Prom 12: Mahler Chamber Orchestra/Leif Ove Andsnes – Beethoven Piano Concertos (3: No.2 & Emperor) – with Stravinsky’s Octet

Piano Concerto No.2 in B flat, Op.19
Piano Concerto No.5 in E flat, Op.73 (Emperor)

Júlia Gállego (flute), Jaan Bossier (clarinet), Peter Whelan & Chiara Santi (bassoons), Christopher Dicken & Matthew Sadler (trumpets) and Simon Johnson & Mark Hampson (trombones)*

Mahler Chamber Orchestra
Leif Ove Andsnes (piano & director)

Reviewed by: Peter Reed

Reviewed: 26 July, 2015
Venue: Royal Albert Hall, London

Leif Ove Andsnes Photograph: imgartists.comStravinsky’s Octet, which opened the last of the three Proms given by the Mahler Chamber Orchestra and Leif Ove Andsnes, honours the ideal of classical balance by subverting its formal security in a way Beethoven would have approved. Magnificently played, the musicians of the MCO elegantly expressed the balletic potential of the Octet’s chattering sonorities, rhythmic complexity and shadings of tenderness and astringency. It breathed classical style, and was a useful ear-opener to the way Beethoven stretches against it, even as early as his ‘first’ Piano Concerto (published as his Second).

The aspect that has made this team’s Beethoven Journey so special has been the accruing rapport between the MCO and Andsnes. At the start, in 2011, Andsnes’s direction from the keyboard was much more expansive. Now it has been refined to something less demonstrative, with just a nod of the head or flick of a hand shaping a wealth of detail and an incredibly fluid and close relationship. It’s rare for an orchestra to have the luxury of establishing such cohesion in one area of repertory over such a long period, in a way that implies that a conductor is a middle-man to be cut out. Yet what could have been considered a vanity project has been decisively justified.

The performers’ embracing of the personality of the Concertos was clear from their courtly possession of No.2, defined by the pianist’s supremely elegant entry reminding everyone tactfully who’s in charge and by his tongue-in-cheek deference to the mock-baroque weight of the cadenza. The slow movement’s separation of orchestral textures had a cool, rather northern transparency, and in the finale the attractive pragmatism of Andsnes’s technique was a special pleasure, along with his fit decorations and rippling trills.

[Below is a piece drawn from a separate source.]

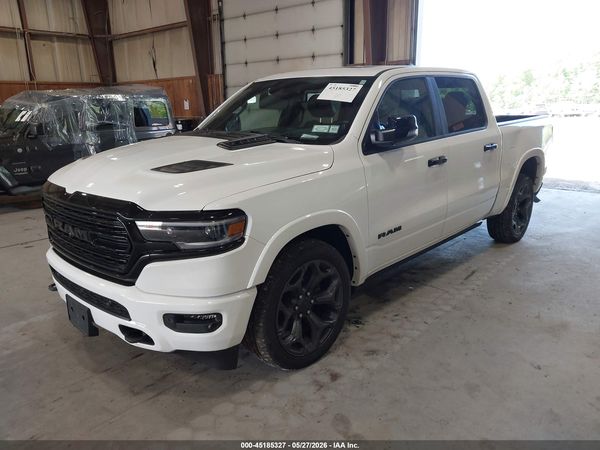 2023 RAM 1500 LIMITED  4X4 5'7 BOX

It’s a huge jump to the scale of the ‘Emperor’ Concerto, with its heroic argument between soloist and orchestra breathing traditional conductor intervention. Andsnes’s Beethoven is naturally big and direct, and the fast tempo he set for the first movement played down its grand-standing potential. Even so, the music’s spirit was never in doubt, and the natural trumpets and hard-stick timpani added a lean, military presence. The vibrato-lite strings minded their ‘period’ manners in an eloquent, half-lit Adagio, and Andsnes’s poetic relaxation of tempo before the transition into the finale was beautifully managed and the movement itself was a high point for the thrilling ensemble that has marked this series. That was a wrap for this Beethoven Journey, documented by Sony Classical, memorable for a sensibility that can be summed up in one word – grace – style, content and expression mutually dependent.

The musicians couldn’t leave without affectionate Beethoven encores – Andsnes gave the Minuet from the E-flat Sonata (Opus 31/3), then directed the MCO (and playing the tambourine) in a couple of German Dances. Perhaps this was to suggest that he’s keeping his conducting options open.